"The Singular Habits of Wasps" is a science fiction/horror story by Geoffrey A. Landis, about Sherlock Holmes. It was first published in Analog Science Fiction, in April 1994.
Sherlock Holmes is mutilating corpses in Whitechapel... but for a reason no one could have suspected.
"The Singular Habits of Wasps" was a finalist for the Nebula Award for Best Novelette of 1994[1] and the 1995 Hugo Award for Best Novelette.[2]
Publishers Weekly called it a "stunner".[3] Writing in Locus Online, however, Nick Gevers faulted it as "polished but pointless", and a "curious violation of the spirit of its enterprise".[4] When interviewing Landis for Infinity Plus, Gevers further described it as "pretty improbable [for a Sherlock Holmes [[pastiche]]] and thus subversive"; Landis specified that he was "horrified" by the idea that the story could be seen as "contemptuous of Holmes".[5]
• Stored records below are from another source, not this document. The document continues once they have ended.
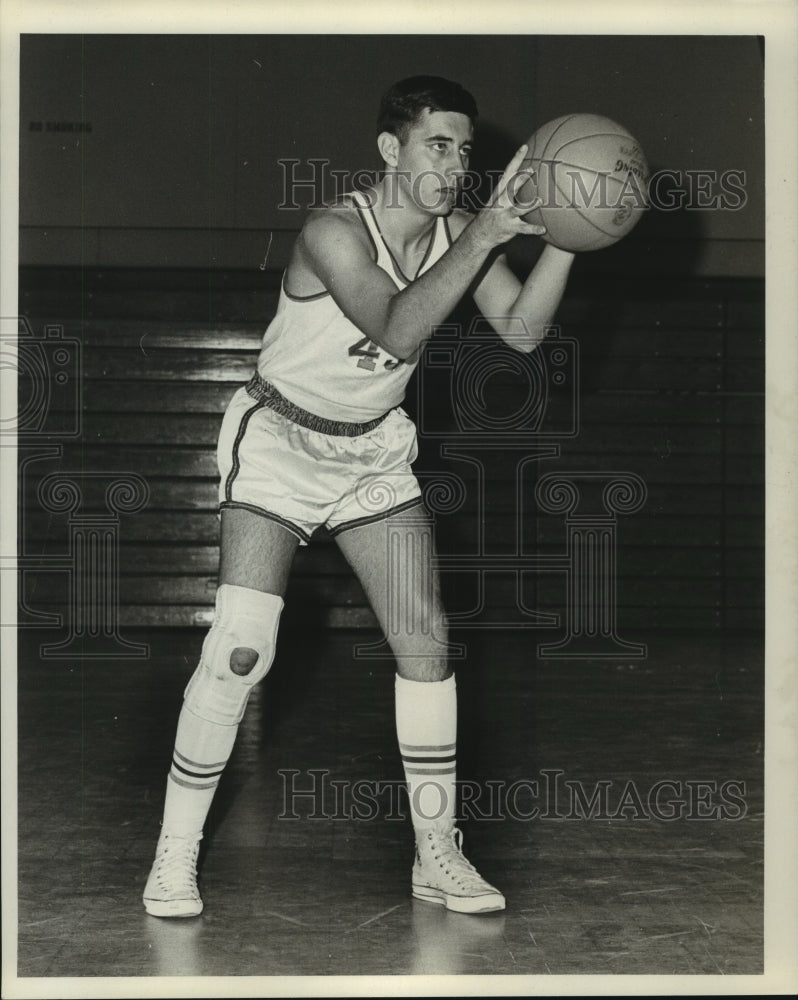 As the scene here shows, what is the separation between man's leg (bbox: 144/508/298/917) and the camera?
3.05 metres

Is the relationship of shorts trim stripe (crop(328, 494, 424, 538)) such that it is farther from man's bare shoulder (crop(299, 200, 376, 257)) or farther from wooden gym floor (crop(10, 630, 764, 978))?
wooden gym floor (crop(10, 630, 764, 978))

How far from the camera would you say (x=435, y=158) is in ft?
10.4

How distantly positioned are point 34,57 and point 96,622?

In 2000, the story was published in the magazine Leading Edge, credited to Phillip S. Barcia; Barcia was subsequently identified as a Florida prisoner who had plagiarized at least two other published stories. Leading Edge formally apologized to Landis, paid him standard reprint fees,[6] and physically modified all the printed copies of Leading Edge so as to correctly credit him.[7]